Should any entry include an image, skip the image and copy the entry exactly.
########
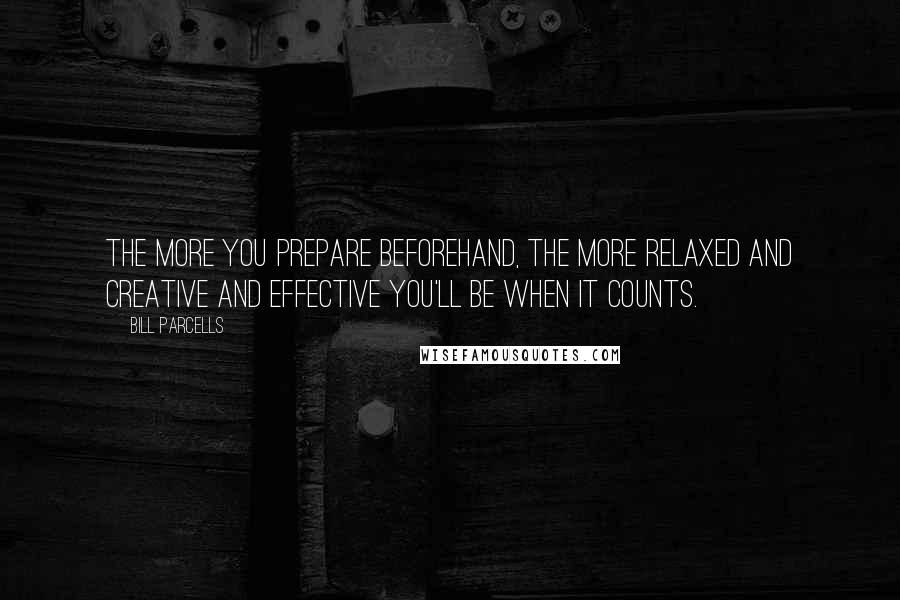 Bill Parcells Quotes: The more you prepare beforehand, the more relaxed and creative and effective you'll be when it counts.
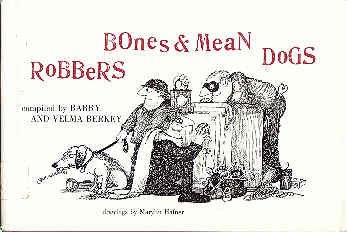 Hardcover Robbers Bones & Mean Dogs Book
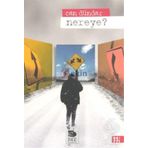 NEREYE? - CAN DÜNDAR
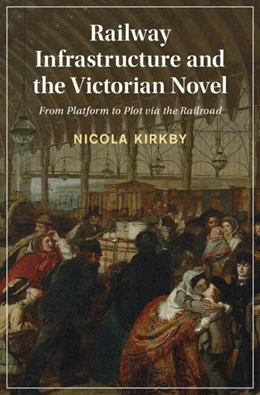 Abbildung von Kirkby | Railway Infrastructure and the Victorian Novel | 1. Auflage | 2025 | beck-shop.de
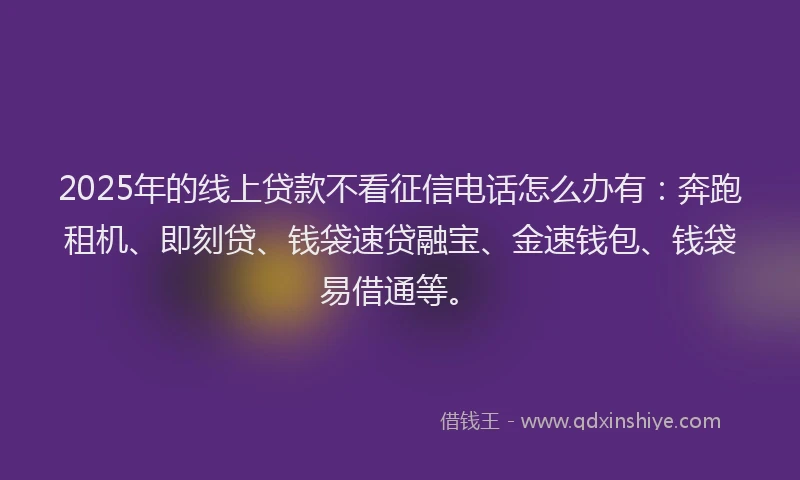2025年的线上贷款不看征信电话怎么办有：奔跑租机、即刻贷、钱袋速贷融宝、金速钱包、钱袋易借通等。
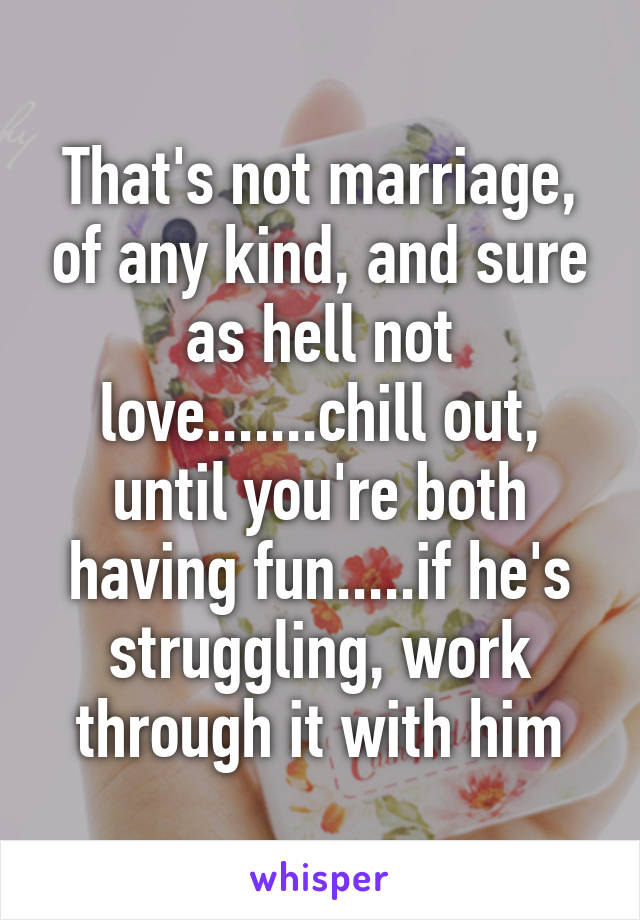 That's not marriage, of any kind, and sure as hell not love.......chill out, until you're both having fun.....if he's struggling, work through it with him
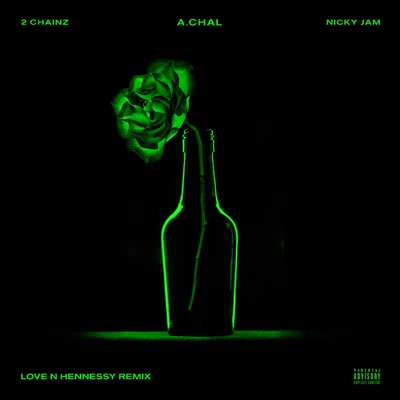 Love N Hennessy REMIX (feat. 2 Chainz & Nicky Jam) 專輯 Tess/A.CHAL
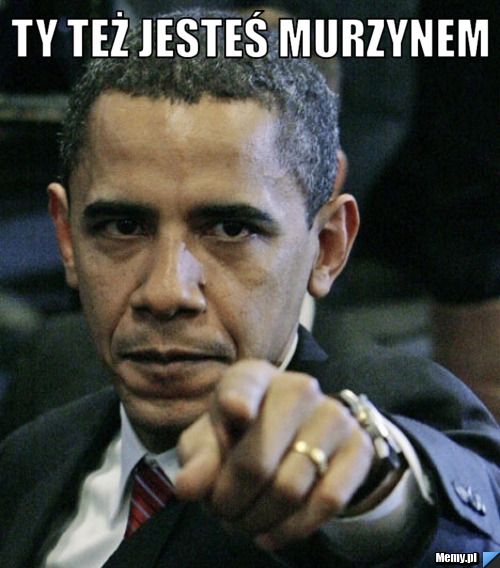 Ty też jesteś murzynem 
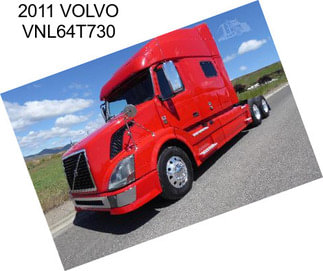 2011 VOLVO VNL64T730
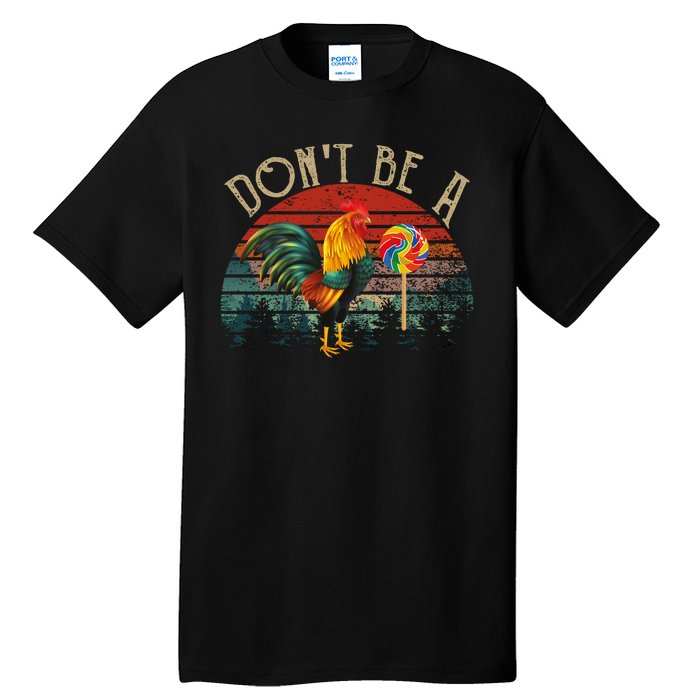 Dont Be A Sucker Tall T-Shirt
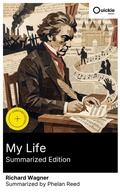 Cover: My Life (Summarized Edition) - Quickie Classics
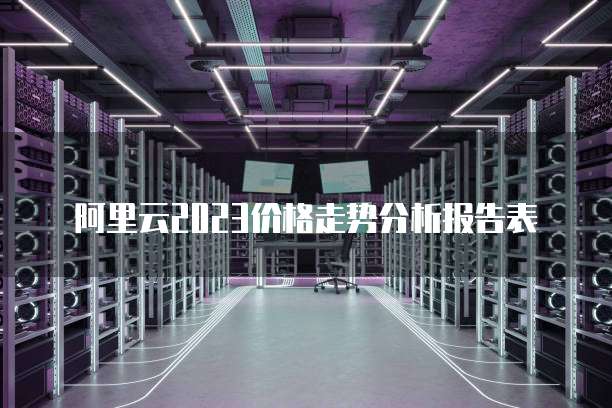 阿里云2023价格走势分析报告表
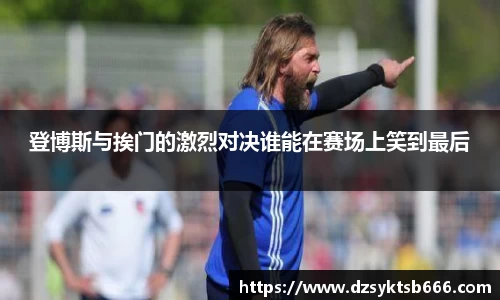 登博斯与挨门的激烈对决谁能在赛场上笑到最后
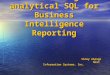 Oracle 10g analytical SQL for Business Intelligence Reporting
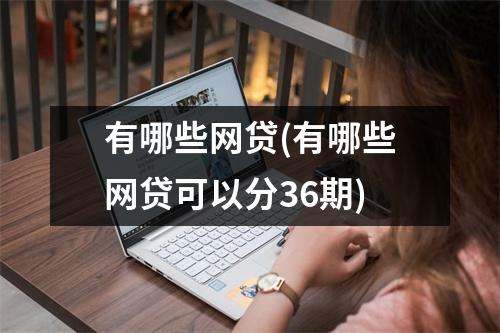有哪些网贷(有哪些网贷可以分36期)
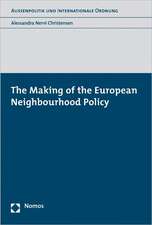 The Making of the European Neighbourhood Policy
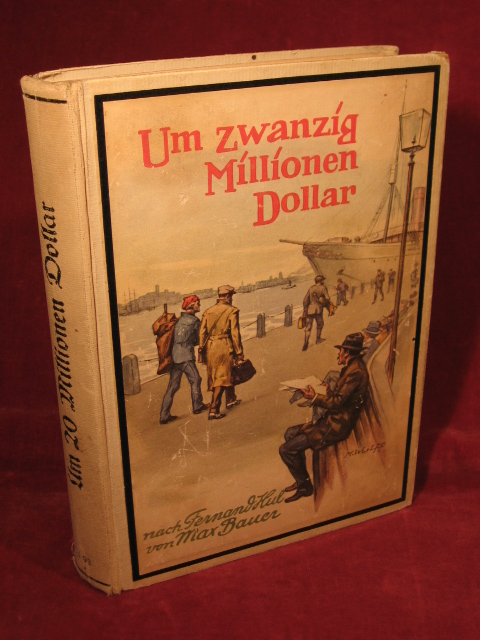 Bauer, Max:  Um 20 Millionen Dollar. Roman für die Jugend nach Fernand-Hul. 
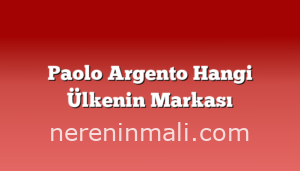 Paolo Argento Hangi Ülkenin Markası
########
## REPLY
 Bill Parcells Quotes: The more you prepare beforehand, the more relaxed and creative and effective you'll be when it counts.
 Hardcover Robbers Bones & Mean Dogs Book
 NEREYE? - CAN DÜNDAR
 Abbildung von Kirkby | Railway Infrastructure and the Victorian Novel | 1. Auflage | 2025 | beck-shop.de
2025年的线上贷款不看征信电话怎么办有：奔跑租机、即刻贷、钱袋速贷融宝、金速钱包、钱袋易借通等。
 That's not marriage, of any kind, and sure as hell not love.......chill out, until you're both having fun.....if he's struggling, work through it with him
 Love N Hennessy REMIX (feat. 2 Chainz & Nicky Jam) 專輯 Tess/A.CHAL
 Ty też jesteś murzynem 
 2011 VOLVO VNL64T730
 Dont Be A Sucker Tall T-Shirt
 Cover: My Life (Summarized Edition) - Quickie Classics
 阿里云2023价格走势分析报告表
 登博斯与挨门的激烈对决谁能在赛场上笑到最后
 Oracle 10g analytical SQL for Business Intelligence Reporting
有哪些网贷(有哪些网贷可以分36期)
 The Making of the European Neighbourhood Policy
 Bauer, Max:  Um 20 Millionen Dollar. Roman für die Jugend nach Fernand-Hul. 
 Paolo Argento Hangi Ülkenin Markası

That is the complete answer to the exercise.